Moreover, people, when socialising, lean towards becoming friends with others who share similar backgrounds, values, appearance, and even such measures as brain activity. Ravreby hypothesised that people, when subconsciously sniffing themselves and others, may be making subliminal evaluations, after which they selected those with similar body odours.

In order to test her hypothesis that people trust their sense of smell when forming friendships, Ravreby drafted same-sex nonromantic friends, click friends whose friendships had initially formed very quickly. She speculated that because such friendships emerge before the pair really knew each other in detail, they may be affected by physiological characteristics such as body odour.

Ravreby collected body odour samples from the click friends and carried out two sets of experiments to contrast the samples with those collected from random pairs of individuals.

In one set of the experiments, she made use of eNose to compare the chemical signatures of the odours. In the second set, she asked the pairs that she drafted to smell the two groups of body odour samples to determine similarities measured by human perception.

In both types of experiments, click friends were determined to smell significantly more like each other than did the individuals in the random pairs.

“[C]lick friends have greater similarity in body odour chemistry and in body odour perceived smell in comparison to random dyads,” the researchers write. 

“There are at least three alternative explanations for this: First, consistent with our hypothesis, this similarity may be related to the root causes of friendship. Second, and alternatively, this similarity may somehow be a consequence of long-term friendship, following common body odour–shaping experiences, eg, living in the same area, eating together, etc. Last, we acknowledge that this similarity may be related to some independent unknown factor and that this same unknown factor may, in turn, be driving friendship.”

To rule out the first two alternatives, they carried out another study in which they “tested whether similarity in body odour as determined by eNose can predict the quality of social interaction between complete strangers.” They had the strangers carry out a mirror game for two minutes without talking, then asked them how much they liked the other person.

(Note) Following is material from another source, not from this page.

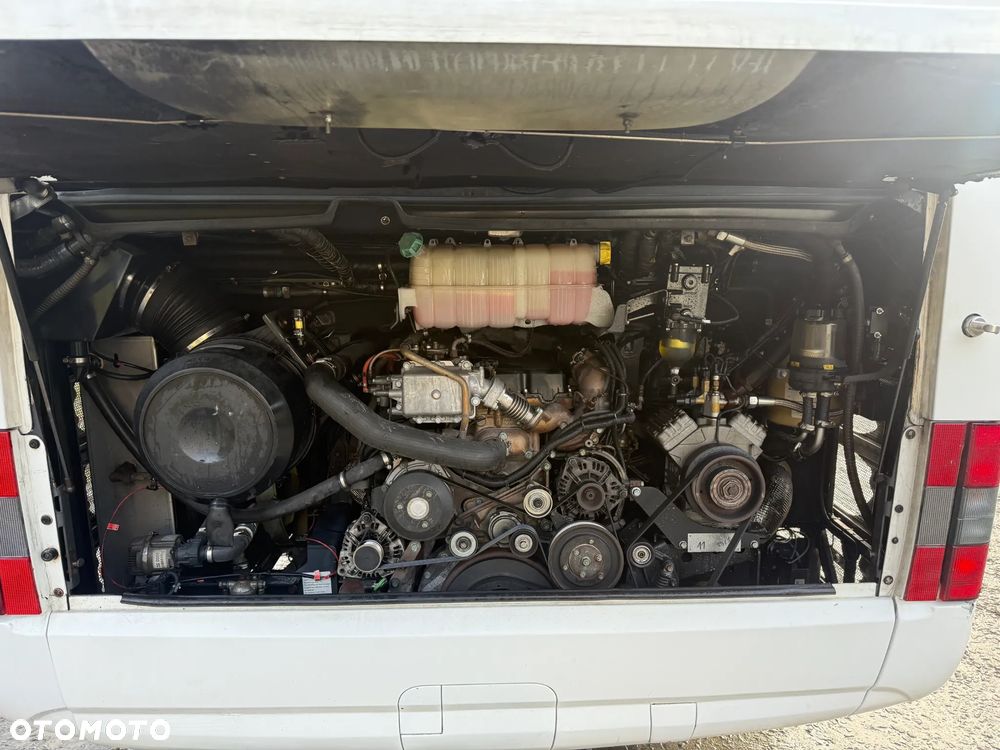 MAN R 08 Lion's Coach - 13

The researchers wrote they “observed that dyads who reported clicking were significantly more chemically similar than dyads who did not report clicking” as measured by the eNose device. 

They also were able to predict which pairs would like each other with 71 percent accuracy when they fed the eNose data into a computational model.

The discussion section of the paper notes: “General similarity within a dyad is indeed a strong positive predictor of friendship, which acts at the very early phase of interaction. Here, we add the observation that body odour similarity may also support rapid friendship formation.”

“These results imply that, as the saying goes, there is chemistry in social chemistry,” Ravreby concludes.

Sobel clarifies: “This is not to say that we act like goats or shrews – humans likely rely on other, far more dominant cues in their social decision-making. Nevertheless, our study’s results do suggest that our nose plays a bigger role than previously thought in our choice of friends.”